HAITI, May 1 — On May Day, comrades joined the May Day march with more than 1,000 participants: workers, teachers and students. We distributed hundreds of flyers and led chants.
The march started at the SONAPI (free trade zone industrial park) and wound its way to the Champs de Mars, a large public park in front of the National Palace where tens of thousands of workers lived in tents for more than two years after the 2010 earthquake.
The police attacked the march and one marcher was punched in the eye and two students were arrested. One, a close friend, was beaten in the police precinct. In response, students at the Faculté d’Ethnologie organized a two-day strike on campus demanding their release; there were also several days of street demonstrations, which were attacked by the cops.
Other comrades participated in a speak-out of garment workers, a way to share the daily misery experienced by workers and to press for their demands for an increase in the minimum wage.
In the countryside, a comrade organized a meeting on May Day with 20 farm workers, led by one who is close to Our party. Later in the town’s public square, we showed a documentary film with more than 500 people. There was a lively discussion afterwards, in which communist ideas and our Party was discussed.

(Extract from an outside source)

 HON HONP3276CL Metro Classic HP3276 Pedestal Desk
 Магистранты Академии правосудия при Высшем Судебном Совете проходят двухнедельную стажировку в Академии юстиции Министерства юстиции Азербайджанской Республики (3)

In another town, a comrade organized a May Day rally and is engaged with other residents of the area in a struggle to take over for public use certain infrastructures left by an NGO.
WASHINGTON, DC, May 1 — Today 150 marchers gathered at Malcolm X Park to celebrate May Day and reaffirm their determination to fight back on all fronts against racism and capitalism.

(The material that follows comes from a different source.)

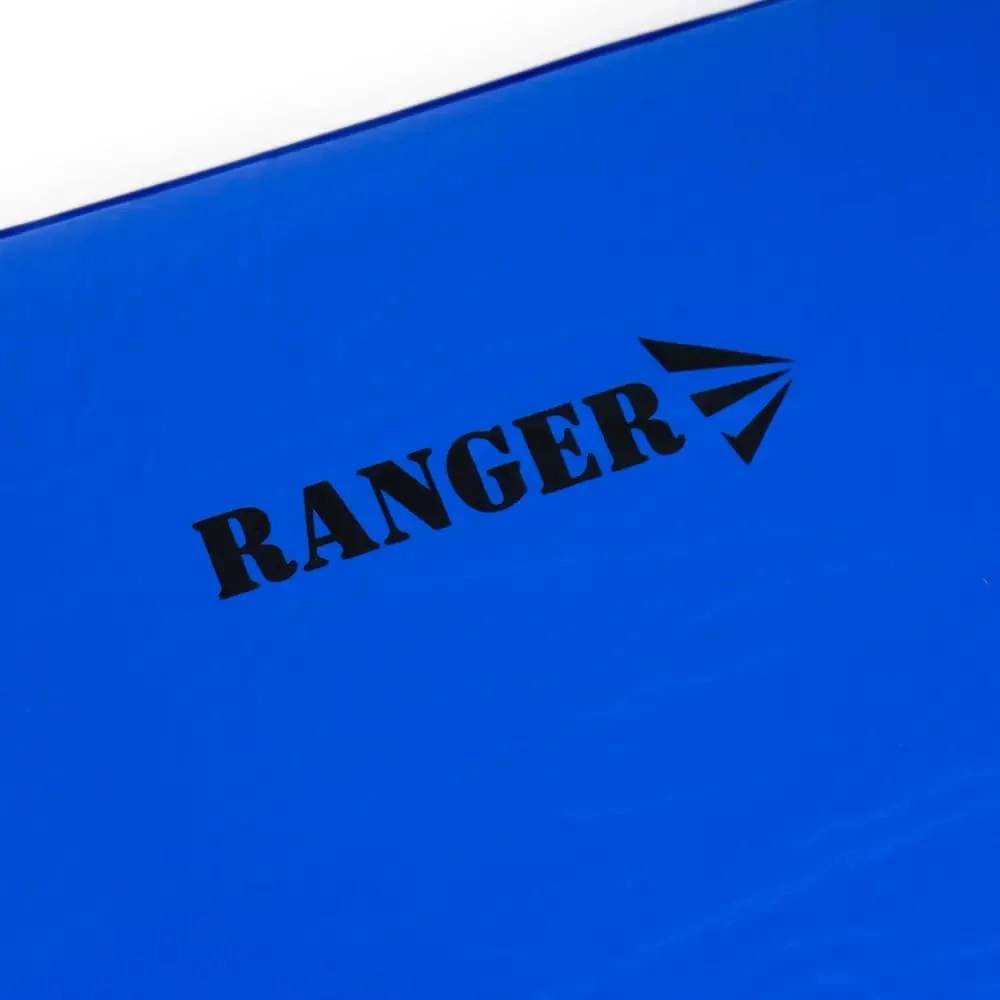 Коврик надувной RANGER Оlimp Blue (RA 6634) Количество слоев двухслойные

One speaker, formerly imprisoned, described the racist horror of mass incarceration and how background checks, even after someone’s release, makes it impossible to find a job and support yourself. A Metro bus driver called on workers to unite against racism and sexism everywhere as part of the revolutionary struggle, and noted a small victory against racist background checks at Metro.
Another noted the recent successful unionization of adjunct teachers at two local universities. A tenant organizer called on everyone to come to a city-wide tenant organizing meeting as part of the battle against racist displacement through gentrification. A PL’er described the modern-day racist offensive of mass incarceration and mass deportation, and how only by building a revolutionary party, not limited to reform efforts, could we hope to succeed in the long run.
With PLP red flags snapping in the breeze and our bold May Day banner at its front, the march surged down 14th Street to the White House, with over 300 copies of CHALLENGE distributed to workers who saw the march pass by. At the White House, we observed a handful of racists who had gathered to oppose the May Day march, completely protected by a phalanx of cops and a metal barricade to defend them from angry protesters. They remembered how the racists were clobbered the year before by May Day marchers! Finally, the police loaded the racists into a police van and drove away — another example of cop-Klan solidarity with racists.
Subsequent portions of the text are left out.